El niño que nunca decía tacos

El niño que nunca decía tacos

(PD).- Es un genio y a nosotros nos corresponde el enorme orgullo de contrar con él, como bloguero de Periodista Digital y como puntal de MKonline, la primera agencia de medios y de eventos online que se monta en España. Ahora, justo antes de salir hacia la Universidad de Harvard, Carlos Blanco es entrevistado por El País.

En realidad, lo que ha sostenido Carmen Pérez-Lanzac con Carlos Blanco es un almuerzo, durante el que la periodista de El País ha buceado despacio, sin tensiones, en la impresionante personalidad de nuestro querido compañero.

El encuentro tuvo lugar en el restaurante Alkalde, salió por la nada módica suma de 107,9 euros (con IVA)y a la vista de la factura, parece evidente que a los comensales no les va apenas el vino. Uno se inclinó por la carne y el otro por el pescado.

El titular es perfecto: «No he dicho un taco en mi vida». Y la periodista comeinza subrayando que Carlos Blanco «está igualito».

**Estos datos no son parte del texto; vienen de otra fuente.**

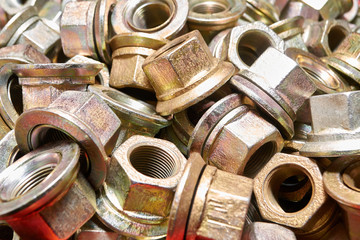nuts metal background close up
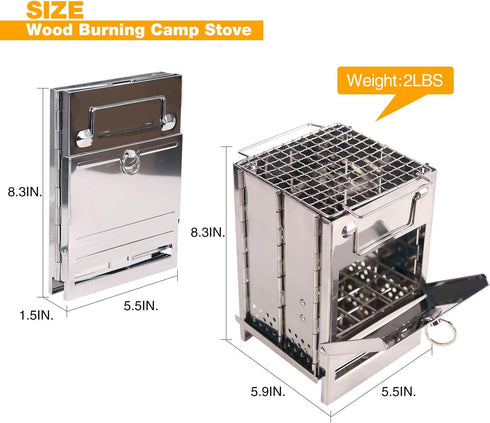 Portable Folding Camping Wood Stove, Lightweight Stainless Steel Wood Burning Camp Stove with Grill for BBQ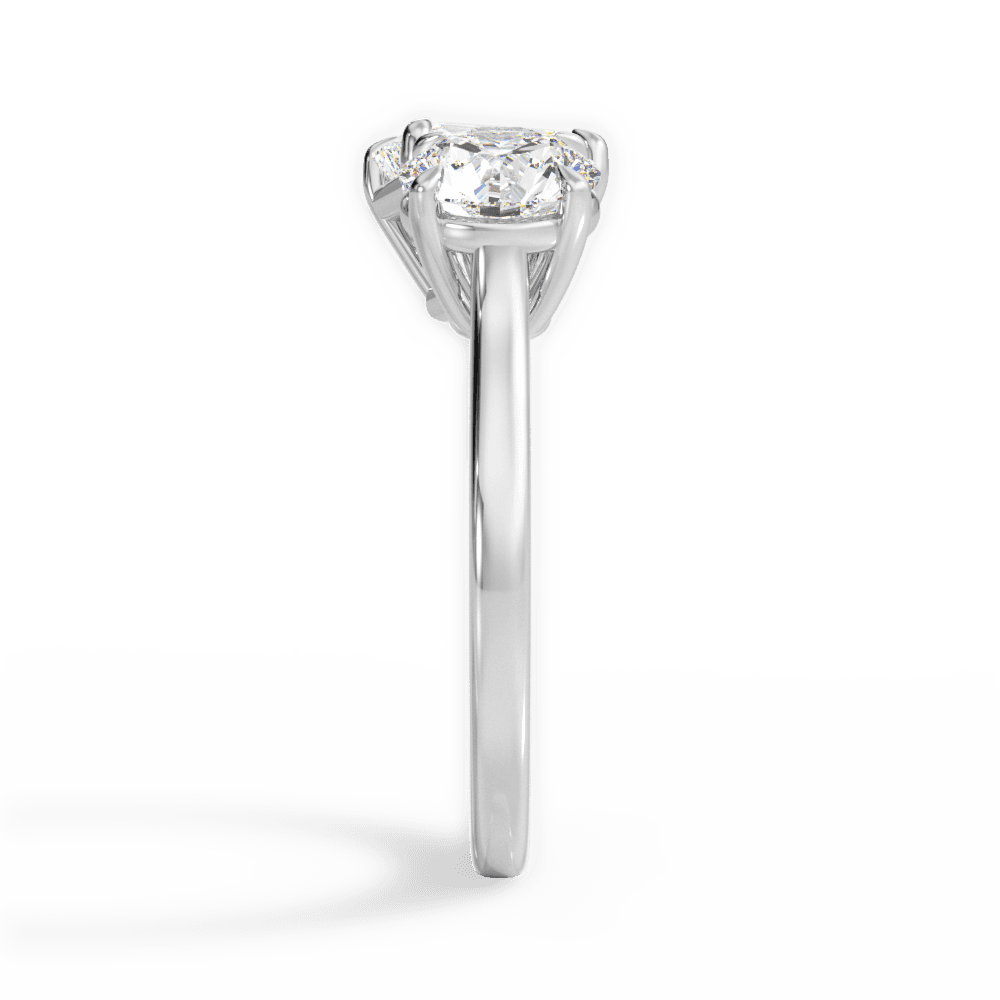 Lana Emerald Cut Lab Grown Diamond 18Kt White Gold Engagement Ring - View 3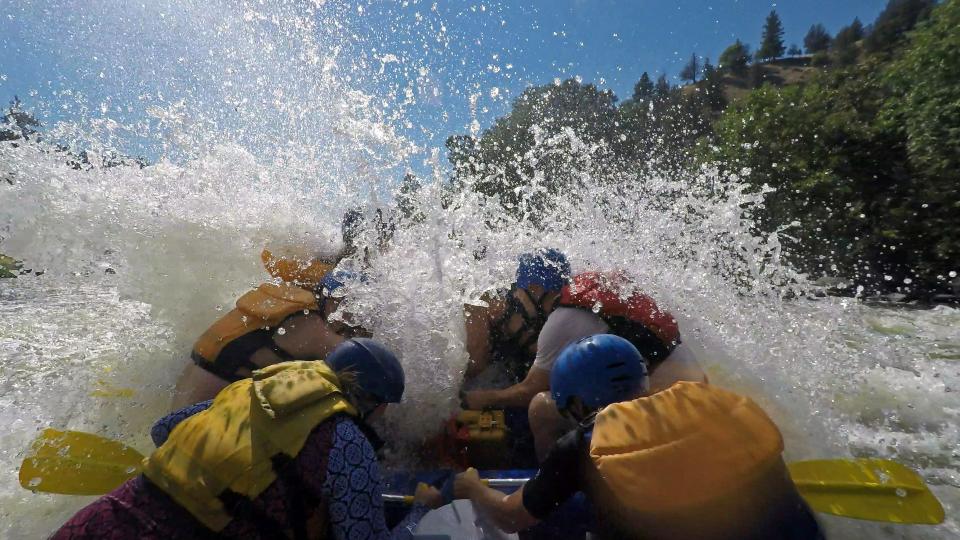 Rafters navigate the pounding rapids of the Hell's Corner Canyon on the Upper Klamath River in southern Oregon.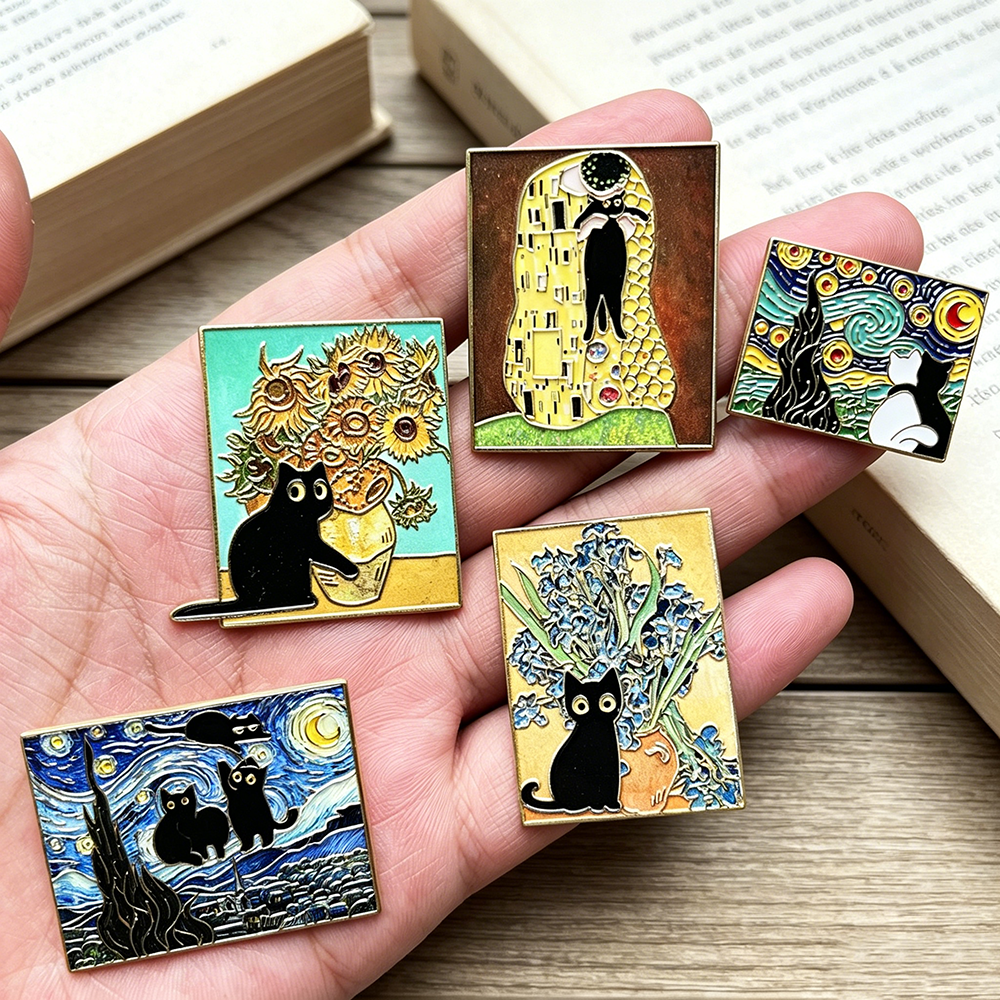 5pcs Famous Painting Black Cat - Collectible Vintage Brooches 리뷰 및 가격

Añade a continuación, por si alguien aún no lo ha reconocido, que hace nueve años, era aquel adolescente redicho impartía lecciones de egiptología en el programa Crónicas marcianas:

«El chaval, de 12 años y superdotado, explicaba que si Tutankamón tal o cual a un Javier Sardà entre divertido y estupefacto (como los espectadores)»


Aquel niño ha cumplido 22 años. En este tiempo, Carlos Blanco se ha licenciado en Filosofía, Química y Teología. Ha aprendido un montón de idiomas (inglés, francés, alemán, italiano, portugués, latín, griego, hebreo, ruso…), ha escrito dos tesis doctorales y ha dado conferencias. También ha publicado un libro, Mentes maravillosas que cambiaron la humanidad, y ha vuelto a la tele: es jurado de El Gran Quiz (Cuatro), un programa para cerebritos y que mañana celebra su final.

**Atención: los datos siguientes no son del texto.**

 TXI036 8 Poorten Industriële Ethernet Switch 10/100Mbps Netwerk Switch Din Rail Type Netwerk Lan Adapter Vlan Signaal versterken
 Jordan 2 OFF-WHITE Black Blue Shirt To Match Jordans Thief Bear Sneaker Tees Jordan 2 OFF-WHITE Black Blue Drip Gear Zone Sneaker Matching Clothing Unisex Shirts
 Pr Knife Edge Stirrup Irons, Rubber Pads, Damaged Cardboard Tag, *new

Carlos nació y vive en Coslada (Madrid) con sus padres, un administrativo y un ama de casa. Dijo su primera palabra a los siete meses: «Mamá». En el colegio pasaba los recreos solo, dando vueltas por el patio. Se entretenía leyendo las cotizaciones de las divisas, libros de historia… Era raro. Y mucho más listo que el resto. Una persona normal tiene un coeficiente intelectual de 100; él, 160. Fue el primero de su familia en pisar una universidad, cosa que hizo a los 12 años. Gracias a su inteligencia, ha viajado y vivido muchas experiencias. Entre sus momentos más felices destacan el día que descifró su primer jeroglífico, cuando vio la momia de Amenofis III, que se conserva en atmósfera de nitrógeno en el museo de El Cairo, o cuando oyó a la Orquesta Sinfónica de Rusia tocar el Réquiem de Mozart en el teatro Tchaikovsky de Moscú.

Carlos divide su vida en dos etapas: una primera, en la que optó por el aislamiento, y una segunda, en la que decidió hacer un esfuerzo por socializar y abrirse al mundo y que empezó hace unos cinco años. Cuando habla, cita constantemente -a Hegel, Mandel, Leibniz…-, y da apuro avisarle de que uno está perdiendo el hilo.

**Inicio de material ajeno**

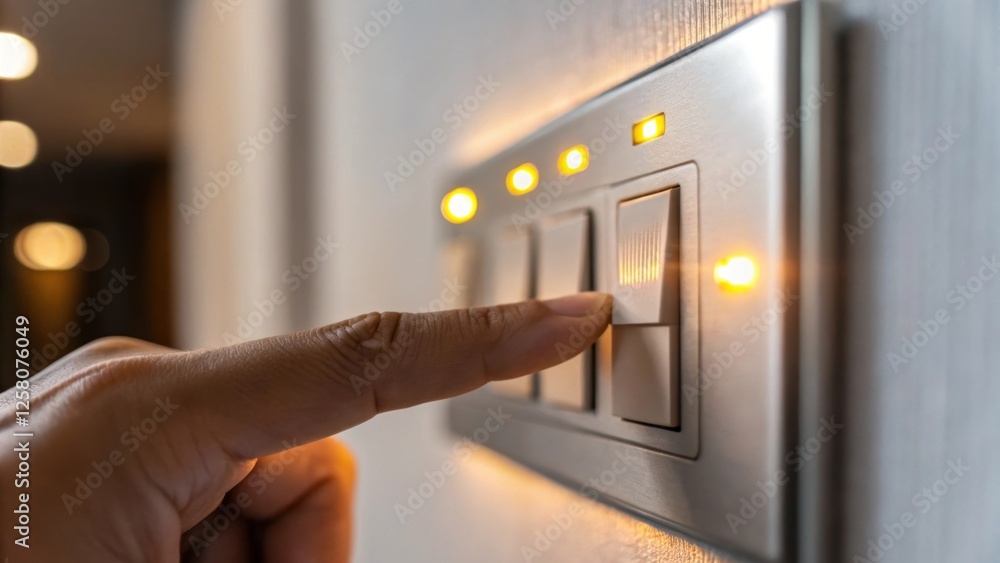 Poster a closeup of a persons finger adjusting a dimmer switch that controls the recessed lighting with the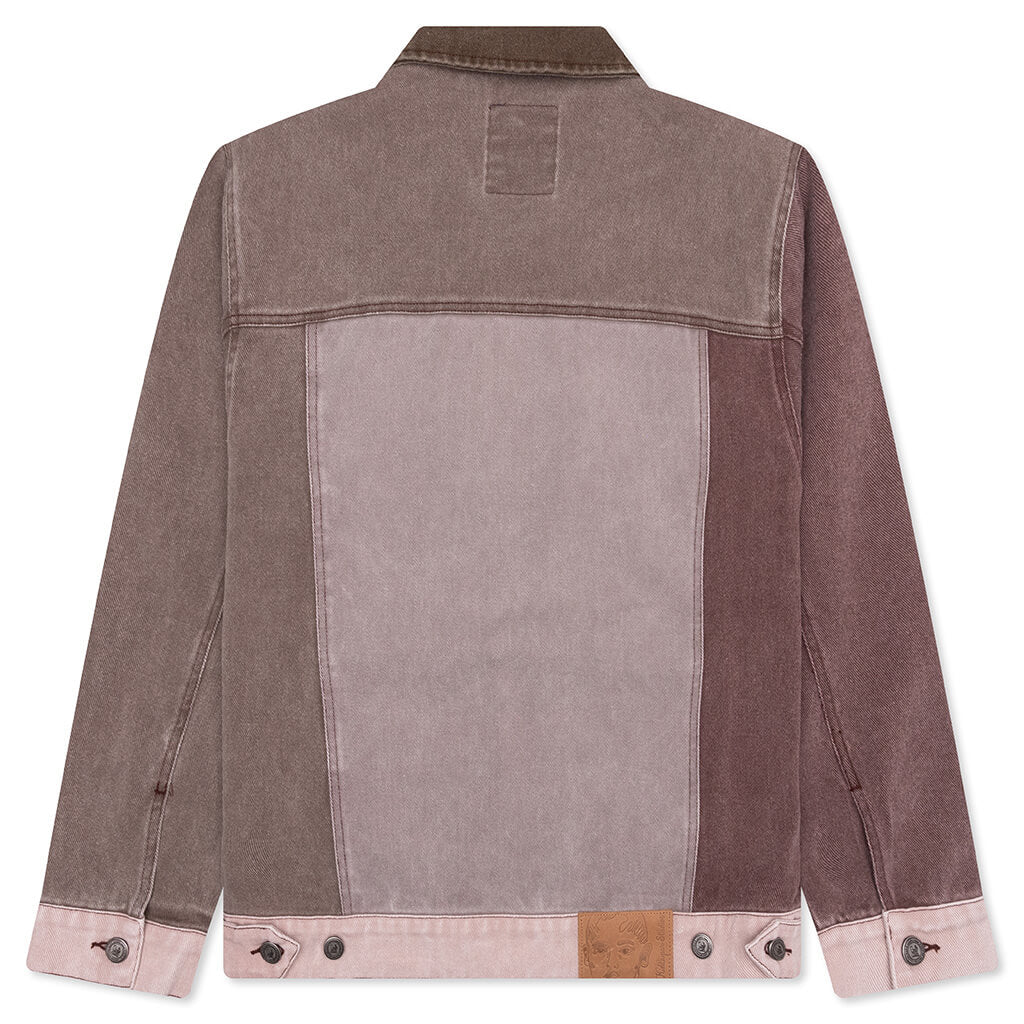 Patchwork Face Colorblocked Twill Jacket Brown Multi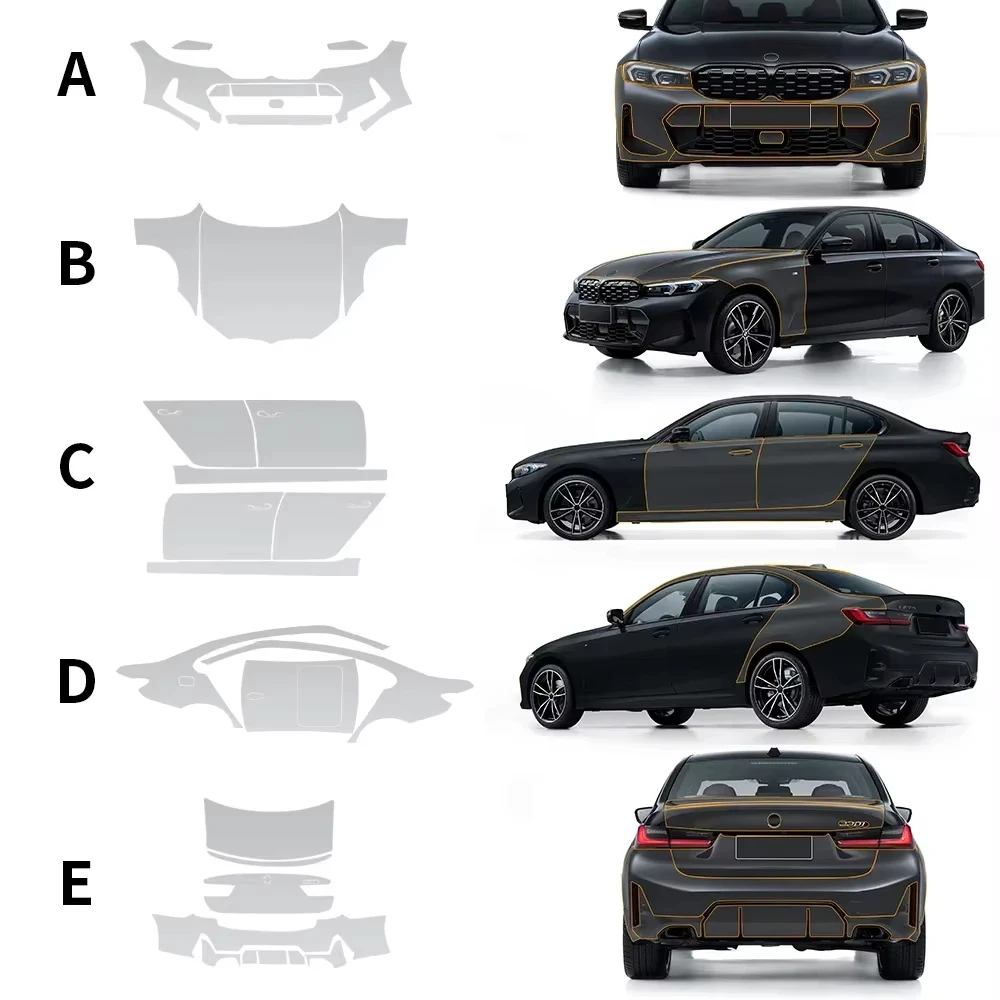 

For BMW 3 Series G20 2023 Pre TPU Paint Protection Film Self-Healing Clear Bra Pre-cut PPF Kit Car Body Anti-Scratch Resistant
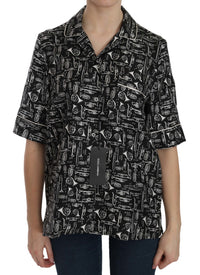 Dolce & Gabbana Black Musical Instrument Print Silk Women's Top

De cerca, más que su inteligencia, llaman la atención sus modales. Carlos se expresa con precisión, dobla la servilleta con delicadeza, se interesa por su interlocutor.

De pronto, suelta: «La lectura de ciertos libros me ha extasiado, con perdón por la palabra».

¿La palabra? ¿Qué palabra? ¿Extasiado? Así de estricto es Carlos. «No he dicho un taco en mi vida. Me lo propuse a los ocho años y lo he cumplido. Me genera problemas de conciencia».

Carlos es muy católico y, puestos a soñar, le gustaría crear una obra intelectual «que encontrase puentes entre la razón y la fe».

El verano lo pasará en Harvard, con una beca de investigación. Y, mientras sigue hablando -Copérnico, Pannenberg…-, Víctor, el camarero, marca pecho con la pareja que está comiendo en la mesa de al lado. «De pequeñito ya era así. Es la leche lo que sabe. Es que el que nace genio…».